Last year, in order to spice things up a bit during the month of October, I whittled my focus for Halloween down from reviewing horror movies in general to reviewing horror movies (then-) currently available on Netflix — and this year, since I’m fresh out of ideas thanks to a grueling 55-hours-per-week work schedule, I’m just gonna do the same exact thing.
And why not, right? I mean, it’s Netflix — there’s gotta be plenty choose from, surely?
Except, ya know, when there isn’t. Which seems to be the case these days. Honestly, have you browsed their horror film “library” recently? It absolutely sucks. I mean, they probably had more to choose from five years ago when their streaming service was just getting off the ground. They really should be embarrassed.
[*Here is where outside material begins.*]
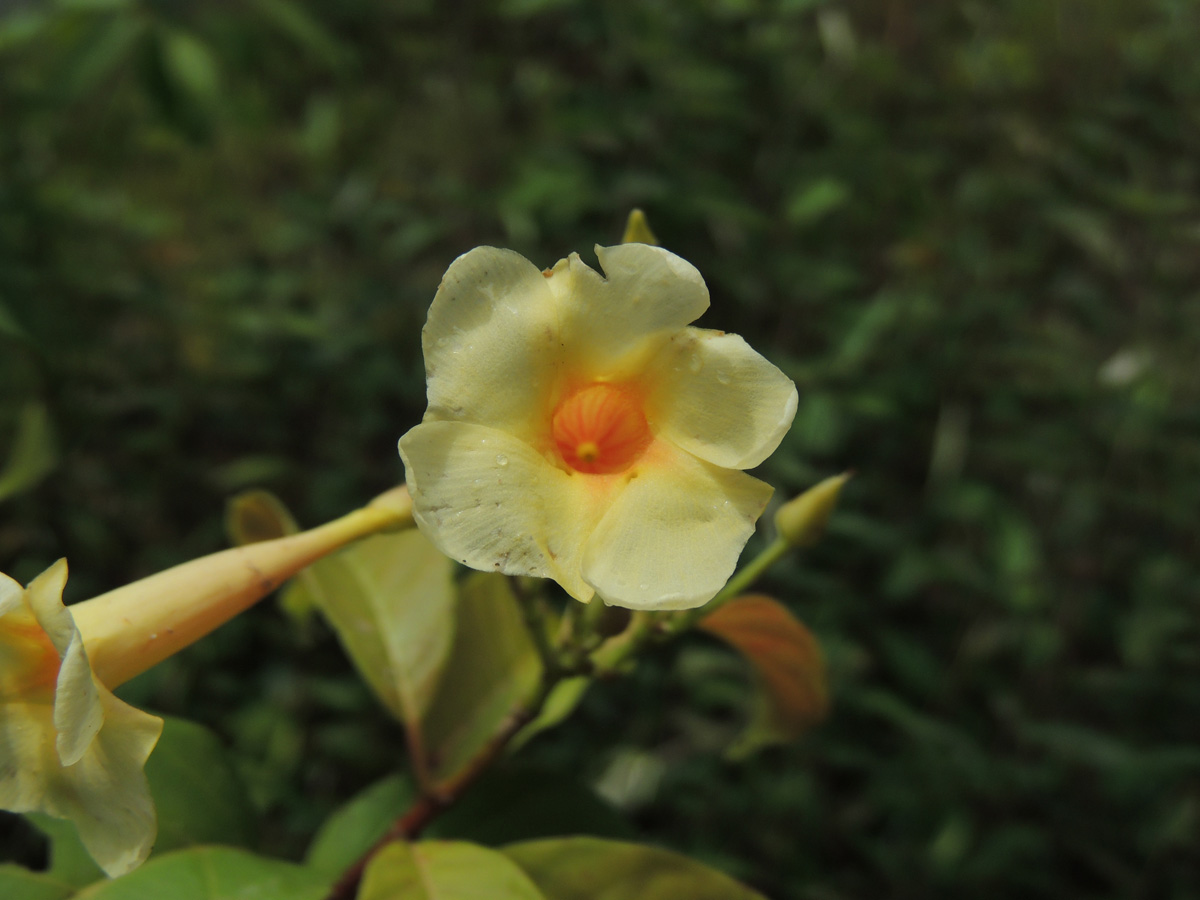 Apocynaceae Odontadenia puncticulosa
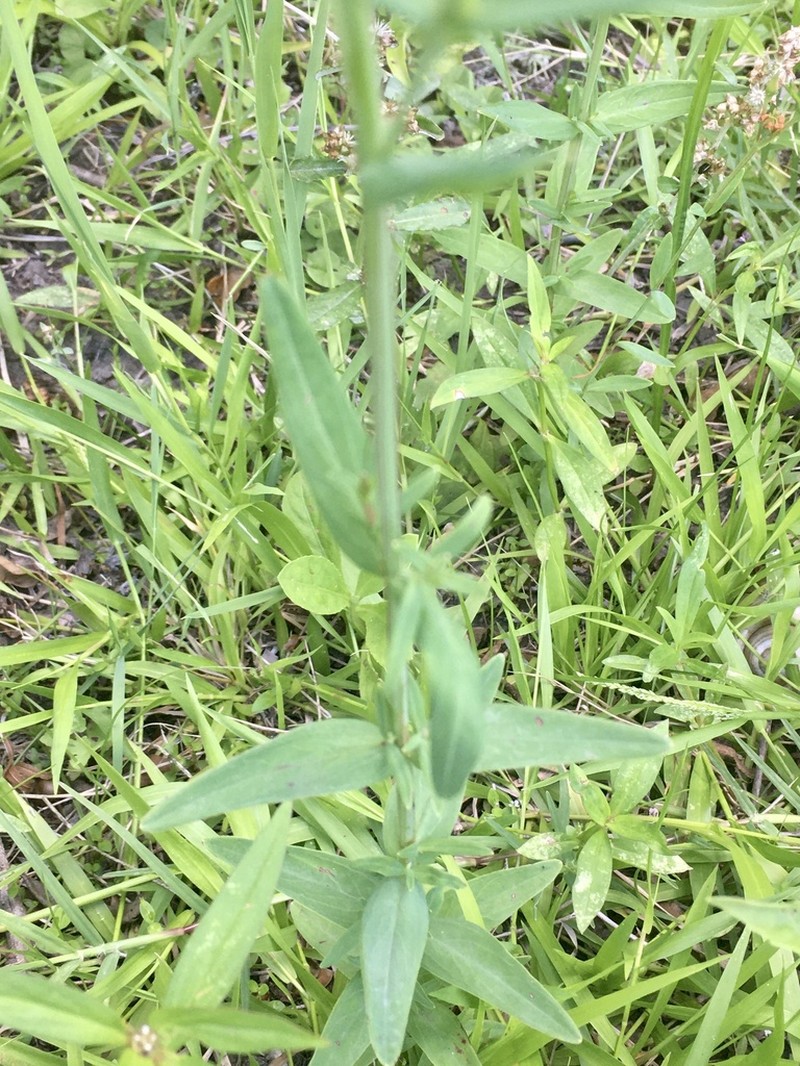 Hypericum brasiliense photo 2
Maybe next year we’ll try a “Halloween On Hulu” instead.
Anyway, that being said, the only other ground rules to keep in mind for this month are that I’ll be watching and reviewing movies I haven’t seen previously and that, even though a good many (if not all) of the films we’ll be training our metaphorical lens on here are no doubt available on Blu-ray or DVD, technical specs for their physical-storage iterations won’t be under discussion because that’s not how I’m watching ’em. Fair enough? Okay, then let’s get started.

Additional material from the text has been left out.